The safety and efficacy of IPL treatment for hair reduction are governed by the following parameters:

· Wavelength of the emitted light (spectrum): Defines the interaction with specific chromophores (the part of the molecule responsible for its color) such as melanin, hemoglobin and water. IPL Hair Removal Device and the predicate devices utilize the same spectrum(550-1200nm).

• Fluence/flux – defines the energy per area (e.g. joules per cm²) for the treatment. IPL Hair Removal Device and the predicate devices deliver the same maximum energy (6 J/cm2).
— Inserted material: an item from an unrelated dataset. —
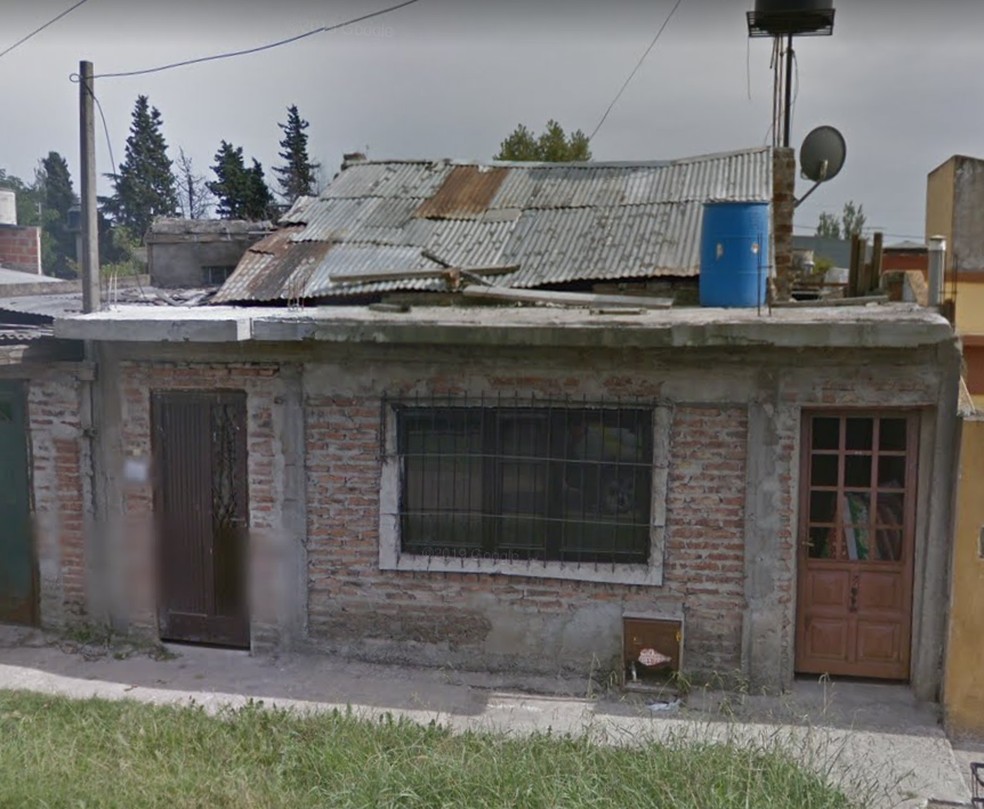 Imagem de arquivo de 2015 mostra casa em que Pamela morava com as crianas  Foto: Reproduo/Google Street View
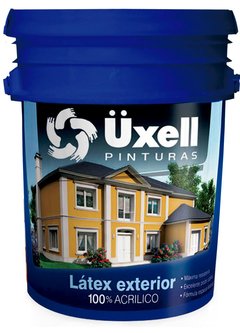 Latex Exterior 100% Acrilico Uxell Blanco X 4 Lts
The differences between the subject device and predicate devices do not raise new issues of safety or effectiveness.

Conclusion:

The subject device "IPL Hair Removal Device, Model: UI04A, UI04B, UI04C" is substantial equivalent to all predicate devices.

Regulation Number and Section

§ 878.4810 Laser surgical instrument for use in general and plastic surgery and in dermatology.

(a)
Identification. (1) A carbon dioxide laser for use in general surgery and in dermatology is a laser device intended to cut, destroy, or remove tissue by light energy emitted by carbon dioxide.(2) An argon laser for use in dermatology is a laser device intended to destroy or coagulate tissue by light energy emitted by argon.
(b)
Classification. (1) Class II.(2) Class I for special laser gas mixtures used as a lasing medium for this class of lasers. The devices subject to this paragraph (b)(2) are exempt from the premarket notification procedures in subpart E of part 807 of this chapter, subject to the limitations in § 878.9.